Would you print the lines below exactly, beginning at the line that has "Кабель Borofone BX34" and stopping after the line that has "Minimalist plant wall"? Only those lines, and no pictures.

Recorded data —
=== Begin Enclosure ===

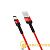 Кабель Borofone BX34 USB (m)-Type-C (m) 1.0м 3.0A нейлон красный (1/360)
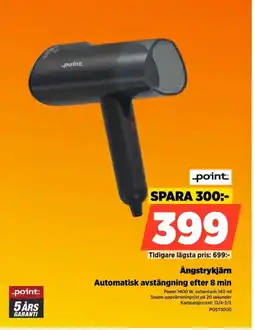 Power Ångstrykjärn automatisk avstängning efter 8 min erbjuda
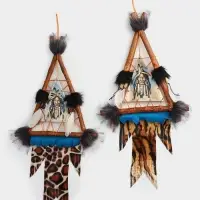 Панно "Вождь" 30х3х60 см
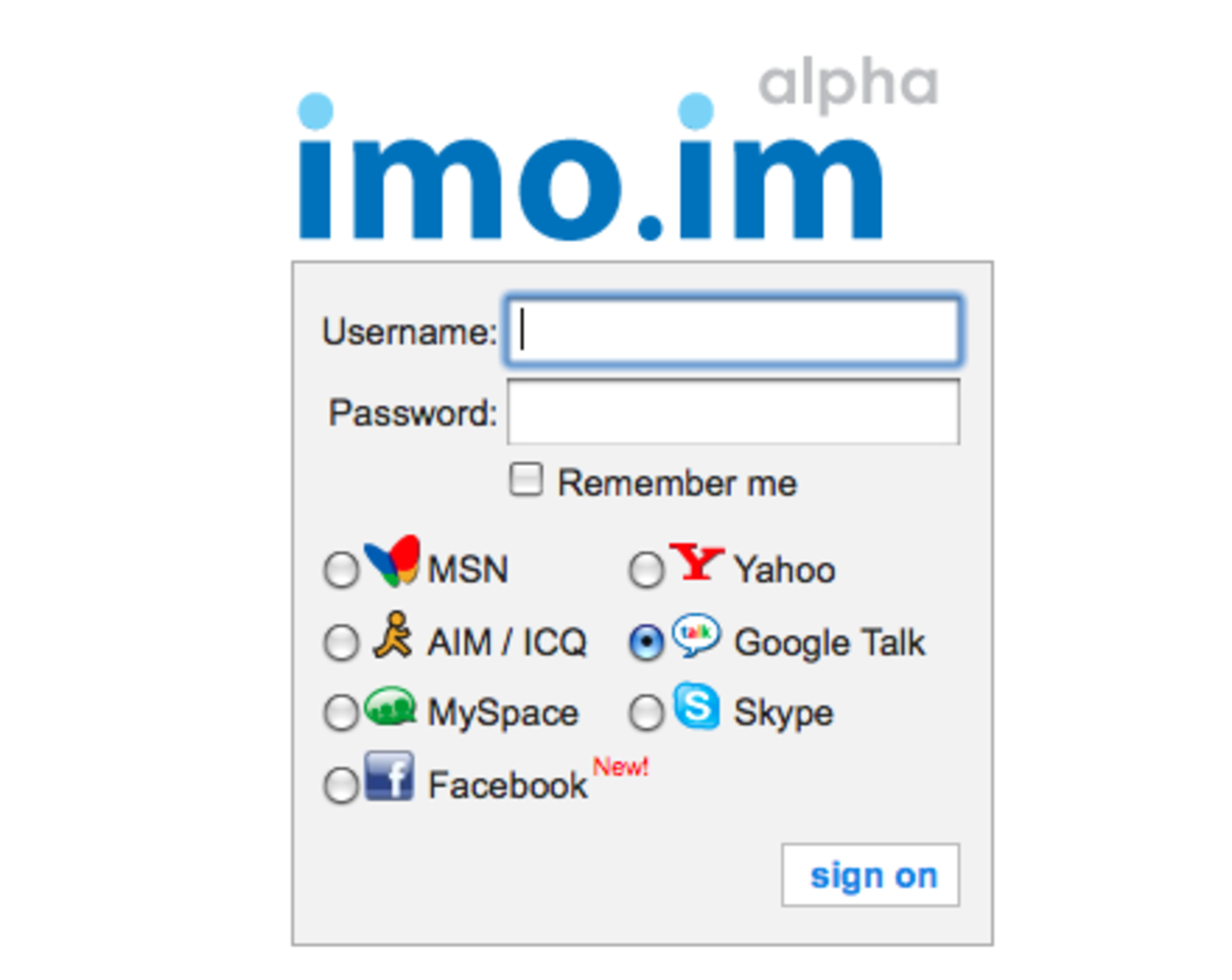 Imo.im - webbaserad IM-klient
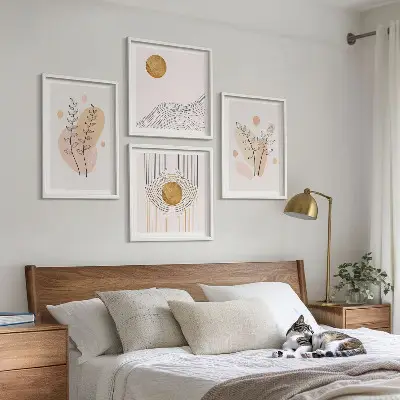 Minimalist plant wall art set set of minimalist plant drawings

=== End Enclosure ===
=== Begin Enclosure ===

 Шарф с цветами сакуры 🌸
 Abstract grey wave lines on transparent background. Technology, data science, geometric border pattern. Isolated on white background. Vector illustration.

=== End Enclosure ===
=== Begin Enclosure ===

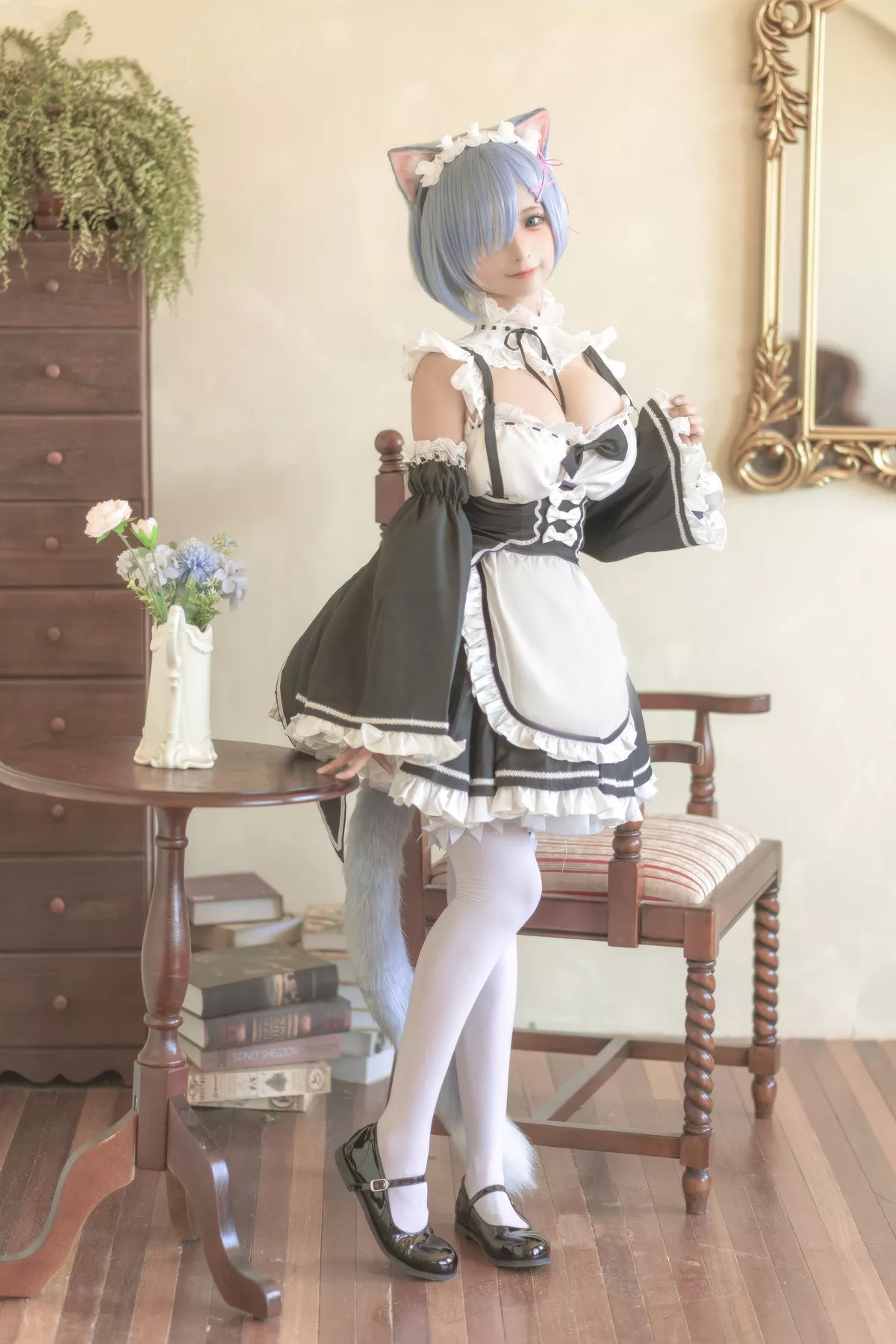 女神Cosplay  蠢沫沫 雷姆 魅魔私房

=== End Enclosure ===

Solution to this task —
 Кабель Borofone BX34 USB (m)-Type-C (m) 1.0м 3.0A нейлон красный (1/360)
 Power Ångstrykjärn automatisk avstängning efter 8 min erbjuda
 Панно "Вождь" 30х3х60 см
 Imo.im - webbaserad IM-klient
 Minimalist plant wall art set set of minimalist plant drawings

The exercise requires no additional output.